There is a natural, God-created order in seasons. The Bible’s wisdom literature tells us, “There is a time for everything.” Because of our technological and globalizing leaps, though, we now know that truth only in theory. We can have food which is out of season, grown by farmers in lesser-developed countries, ready for us to consume whenever we want, year round. Our homes are heated and cooled to a “perfect” temperature, so that regardless of the season, it always feels the same inside. Our knowledge of the limitations and structure that seasons bring to our lives is gone. Developed countries re-write the biblical passage to say, “Now is the time for everything.”


Another limit God gave us was dependence on land and on our families. We were all born somewhere, from some woman, and in that moment were given community and a place. Modernization and globalization have made us isolated individuals committed to no place and no one else. Getting up and leaving the place and people that brought us up is expected. I’ve written more on this here.


God created day and night, and I believe he did so as a gift that told His creatures when to start and stop work. Because of electricity, we are now capable of operating outside of the naturally created day-night boundary we were given. And the more we operate outside the natural boundaries, the more we forget there are boundaries at all.


And this must be the deepest problem.
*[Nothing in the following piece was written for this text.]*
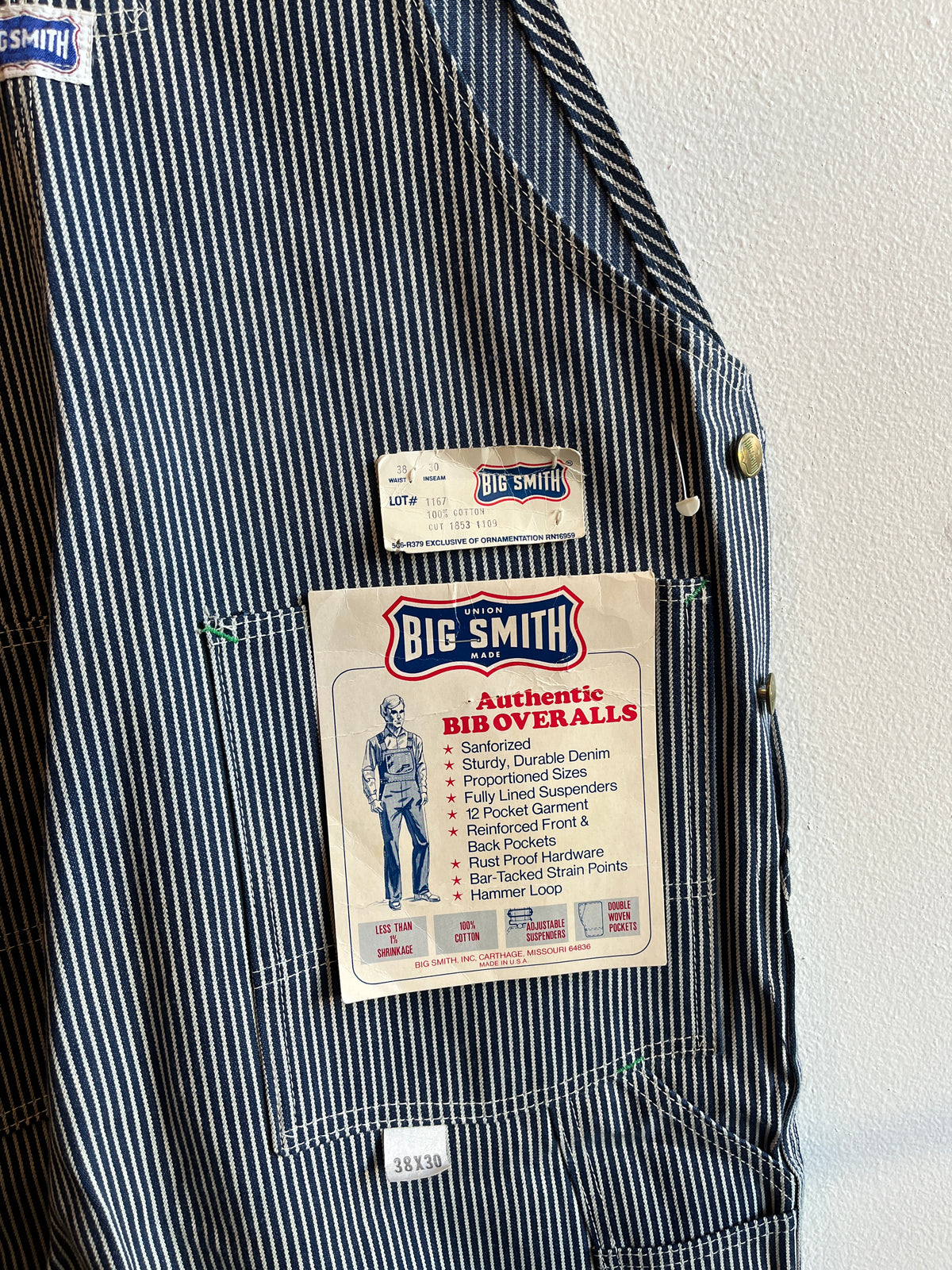 Vintage 1960/1970’s Big Smith Deadstock Denim Overalls - La Lovely Vintage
Not that we are unlimited in the particular ways that I am highlighting (and in dozens others as well), but that we have no knowledge that limits can and should restrain us.
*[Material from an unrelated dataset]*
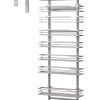 Moforoco White 9-Tier Over The Door Pantry Organizer-1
All affronts on limitedness require counteraction to lessen their consequences. Our independence of land and manual labor has made us weak. To offset the weakness that urbanization and its resultant sedentary lifestyle have wrought, we can buy memberships at gyms to use machines, which can replace work, which used to keep us healthy and strong. It's a run-on sentence. Air travel breaks the earth-sky separation that God created. Counteracting its effects on our atmosphere will require the energy of our most brilliant scientific minds before it demands restraint on we who ruin the atmosphere.


I believe the beginning of much wisdom is saying “no” to the things we are told we have to have, the things we have to do, and the full-throttle pace we have to keep. We are wise to limit ourselves. And I believe a good place to start in keeping limitations is with the Sabbath. The Sabbath is different from the other creations, because it is also a command. There is nothing we can invent to counteract a command, as we can, say, seasons or place or community, or day and night. No matter how far we advance (or retreat) as a society, the command to keep the Sabbath holy; to rest, will still be there. I think one point of the Sabbath is that we recognize our own limitedness. Wisdom says, “work six days, and rest the seventh, even though there is more that you could do. Stop. Rest. Go this far, and no further.”


The tower of Babel was built by a people who did not understand where they should stop. But God’s limits humanize us. They remind us who we are as creatures subservient to Him, and that all we do must be done with a head not cocked to our glory, but bowed to His.